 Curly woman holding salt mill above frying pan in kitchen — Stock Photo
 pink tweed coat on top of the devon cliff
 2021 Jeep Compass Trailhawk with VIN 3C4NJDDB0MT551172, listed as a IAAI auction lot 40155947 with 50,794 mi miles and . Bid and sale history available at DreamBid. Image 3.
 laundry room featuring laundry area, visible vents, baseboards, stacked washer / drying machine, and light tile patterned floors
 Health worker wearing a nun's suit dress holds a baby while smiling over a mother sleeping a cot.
==
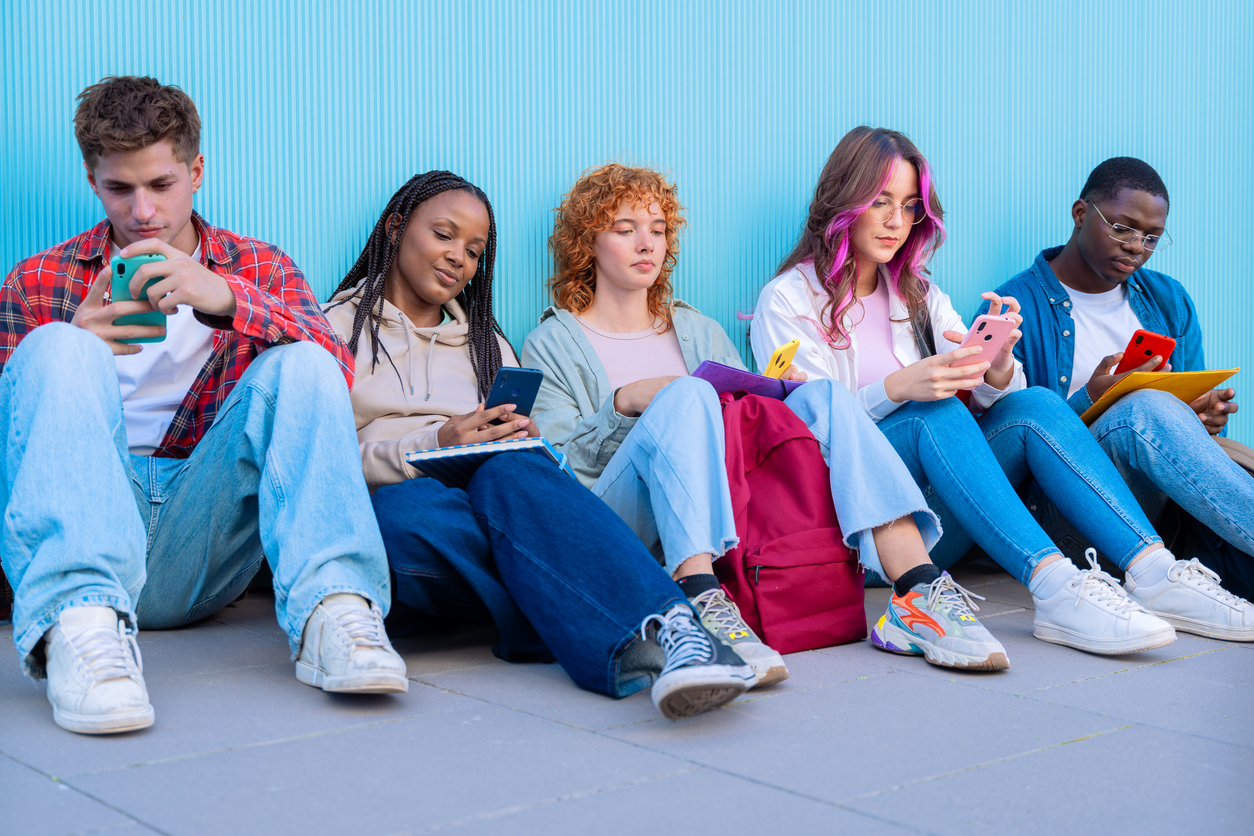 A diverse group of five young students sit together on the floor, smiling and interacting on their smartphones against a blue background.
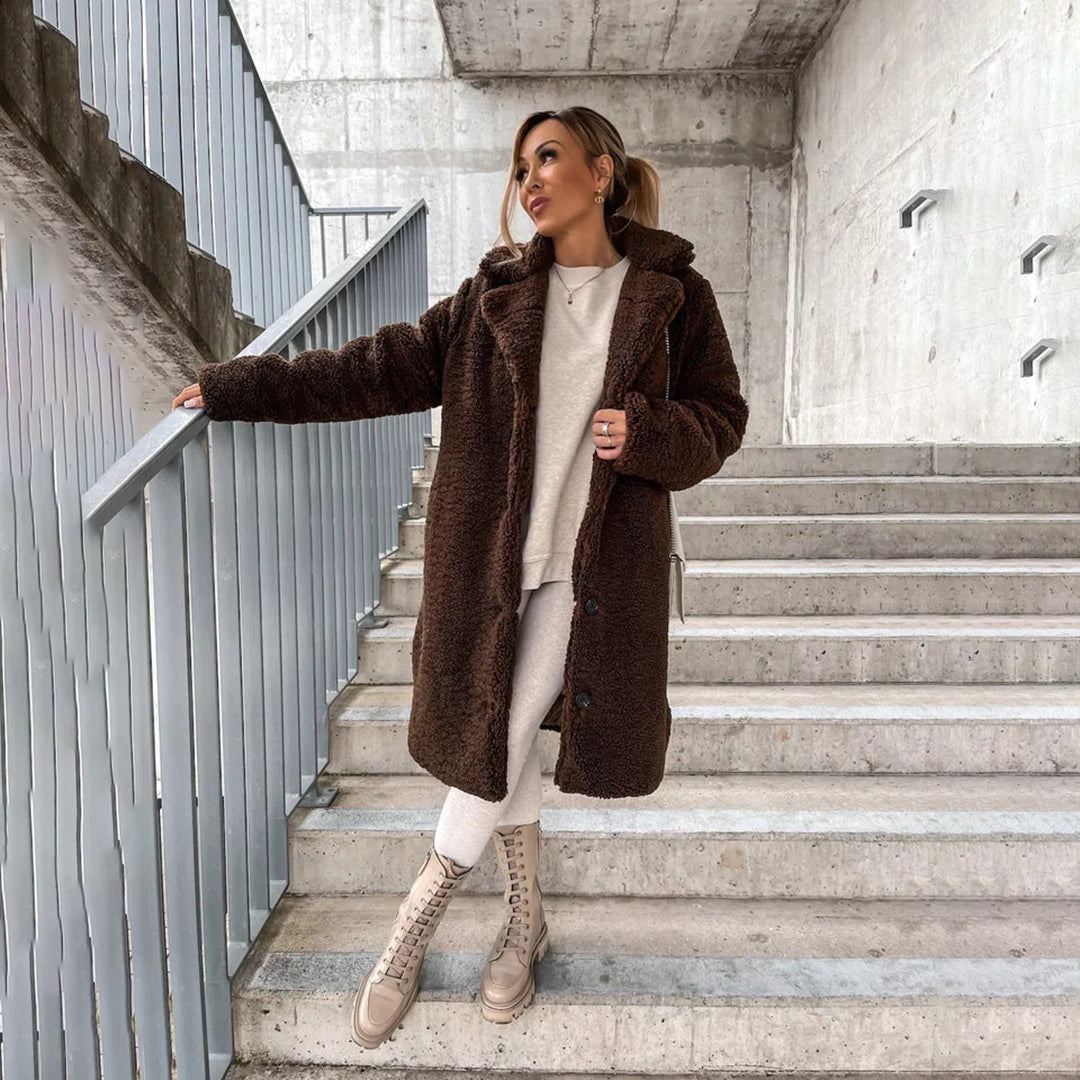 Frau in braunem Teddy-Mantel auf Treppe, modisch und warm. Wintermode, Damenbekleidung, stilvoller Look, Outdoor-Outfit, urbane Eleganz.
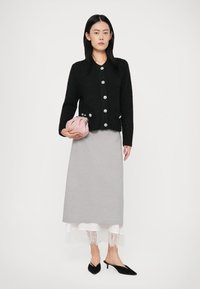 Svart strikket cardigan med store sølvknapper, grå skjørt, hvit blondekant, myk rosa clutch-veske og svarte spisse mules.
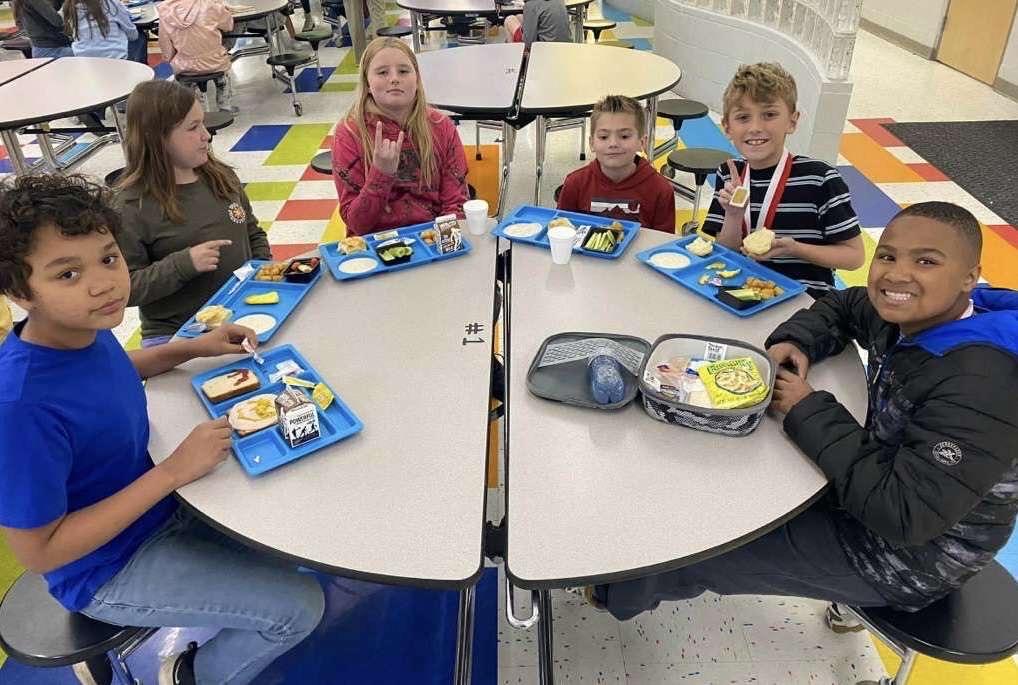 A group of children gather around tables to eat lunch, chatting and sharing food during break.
==
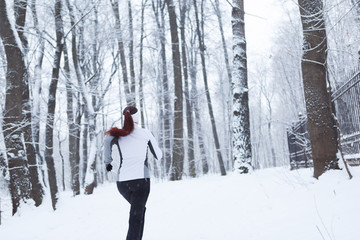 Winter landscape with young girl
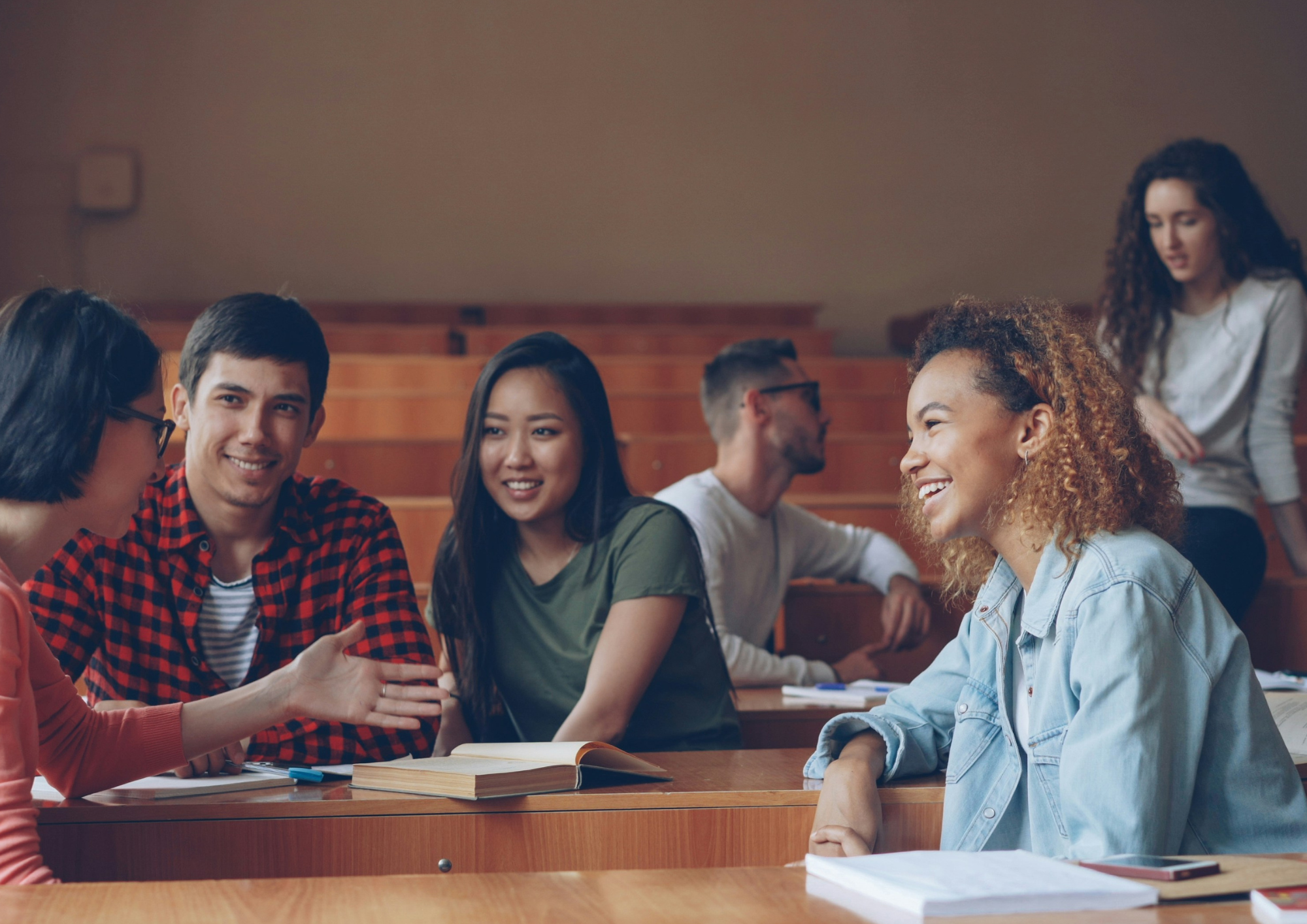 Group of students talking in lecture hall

WHAT NEEDS TO BE DONE:
Extract from the material above the stretch running from the line containing "Svart strikket cardigan" through the line containing "A group of children". Keep the text exact and the pictures out.

RESPONSE TO THIS EXERCISE:
 Svart strikket cardigan med store sølvknapper, grå skjørt, hvit blondekant, myk rosa clutch-veske og svarte spisse mules.
 A group of children gather around tables to eat lunch, chatting and sharing food during break.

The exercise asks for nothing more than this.